The Queen's Space Engineering Team is a multidisciplinary design team of 100-150 members which works on two large projects, a prototype Mars Rover, and a prototype satellite.
The annual three-day URC competition takes place at the Mars Desert Research Station in Hanksville, Utah. It’s the culmination of a year’s worth of work for the qualifying student teams who build a remote-controlled motor vehicle designed to explore the Red Planet.
This year, just 38 of 102 teams from around the world qualified. The Smith Engineering design team was one of the three Canadian teams to make it to Utah.
Chadwick says that as usual it was a big challenge for QSET to get the rover ready in time for competition.
“Trying to have good retention of the most capable people that we can get our hands on is always a limiter,” he says. “So we’re always juggling between the amount of scope that we want to tie in and improve year over year versus the resources that we have available.”
Participating teams don’t typically build their rovers from scratch every year, but instead make improvements to their builds.
QSET’s modifications this year included redesigning the wheel system, upgrading the robotic arm, installing a new soil collection system, improving the autonomous systems, and enhancing the rover’s signal reliability.
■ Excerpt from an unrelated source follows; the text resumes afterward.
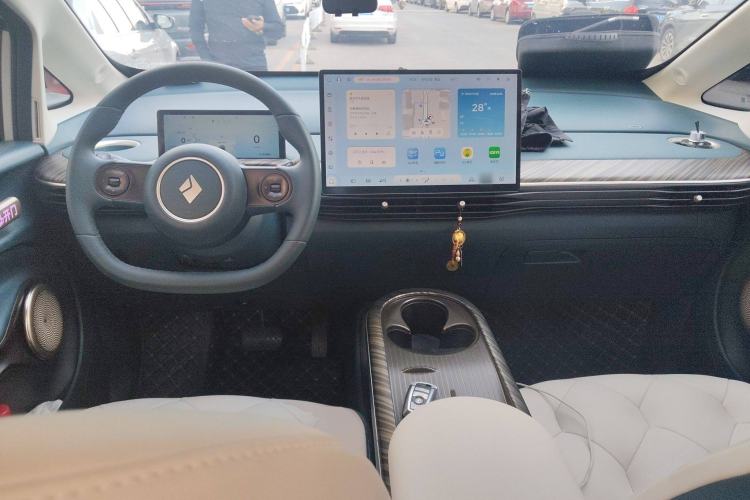 Used Baojun Cloud 2023 460 Max Lingxi Version Center Console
The team’s first test was to qualify for URC using a video and report to demonstrate the rover’s capabilities and alterations from last year.
Once in Utah, teams and their rovers compete in four separate missions over three days. Mission scores are combined with scores from the qualifying review for the final standings.
The four missions test everything from the rover’s ability for finding signs of life to retrieving and delivering materials to navigating entirely on its own.
The Queen’s team did well to place seventh at URC, says Chadwick, but they could have done even better. “One of the missions tests the rover arm’s dexterity and speed, and while our rover was capable of doing all of the tasks, a communications malfunction meant that the team’s rover was only active for 3 out of the 30 minutes of the task, scoring 15 out of 100 points in that time.”
“You always think about what could have been,” says Chadwick. “But at the same time, it’s not all about the points. It’s about what we were able to do with what we were given and how we can get even better for next year.”
Chadwick will be QSET’s Chief Technical Officer next year and already has “lots of ideas” for how they can improve.
Overall, though, he says being part of QSET or any student design team at Queen’s is really about improving your soft skills as an engineer and applying what you learn in class.
“It ties into communication, it ties into true design skills and optimization, being proactive, thinking on your feet. And ultimately, it builds on the pillars of what you’re taught in university. You have all these Lego bricks from your classes, and then you see how it truly comes together once you get your hands dirty on a design team.”